*** RECORDED INFORMATION

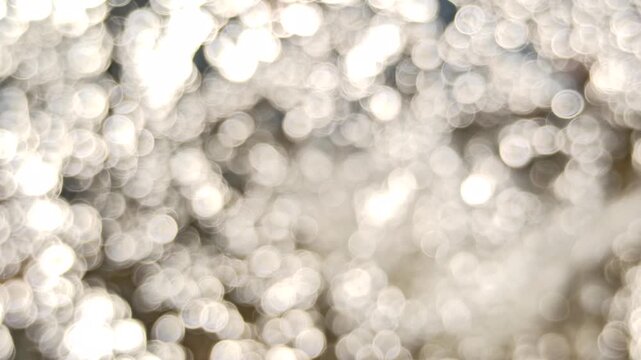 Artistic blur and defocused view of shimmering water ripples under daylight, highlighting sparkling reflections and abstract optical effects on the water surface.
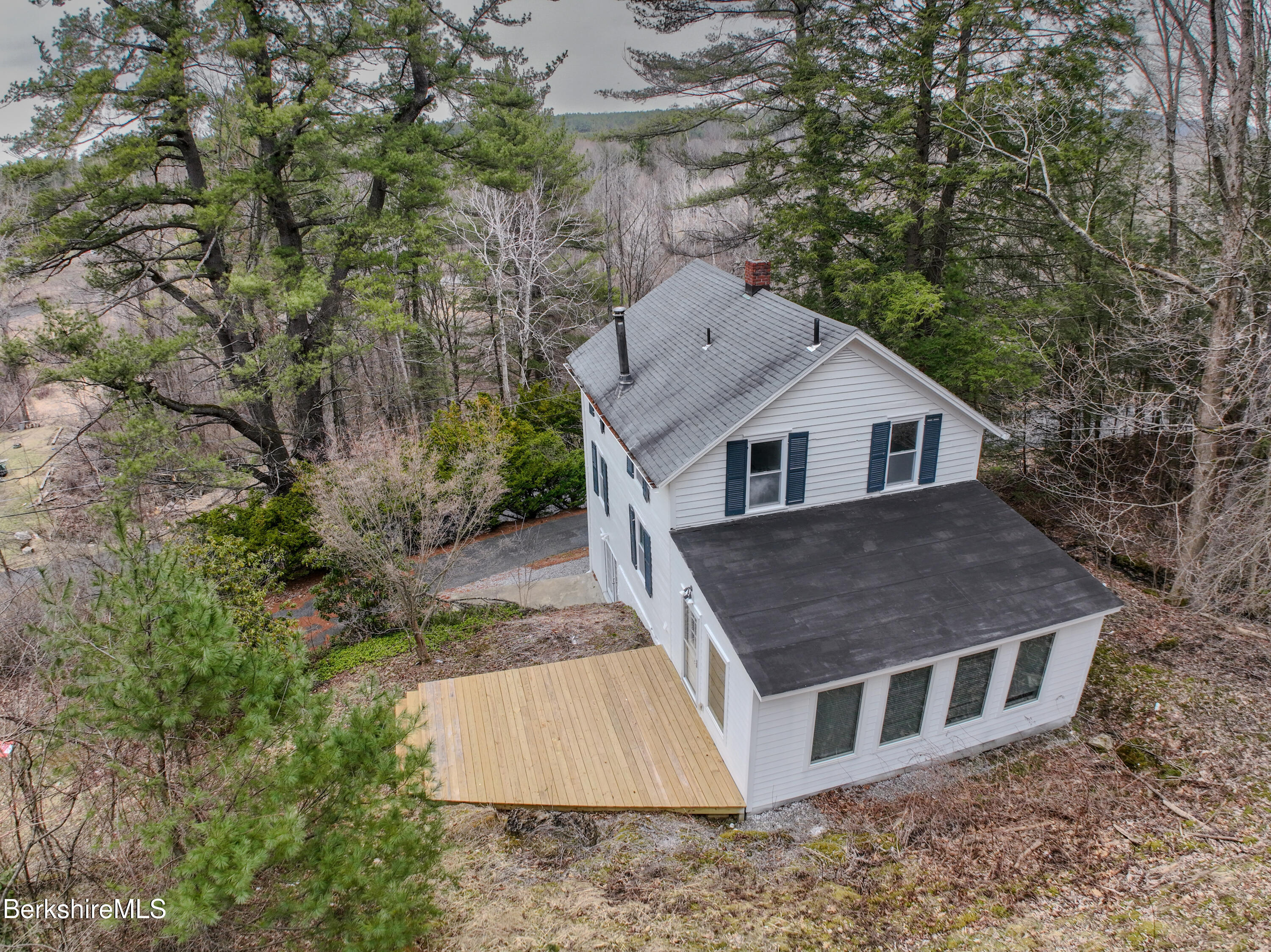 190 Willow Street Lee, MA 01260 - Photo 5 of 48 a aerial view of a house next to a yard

******
*** RECORDED INFORMATION

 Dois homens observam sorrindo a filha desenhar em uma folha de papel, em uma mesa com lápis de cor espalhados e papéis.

******

■ PROBLEM DETAILS
Treat the line with "Artistic blur and" as the start and the line with "190 Willow Street" as the end, and return exactly that span of the data above, both ends included, without pictures.

■ EXERCISE RESULT
 Artistic blur and defocused view of shimmering water ripples under daylight, highlighting sparkling reflections and abstract optical effects on the water surface.
 190 Willow Street Lee, MA 01260 - Photo 5 of 48 a aerial view of a house next to a yard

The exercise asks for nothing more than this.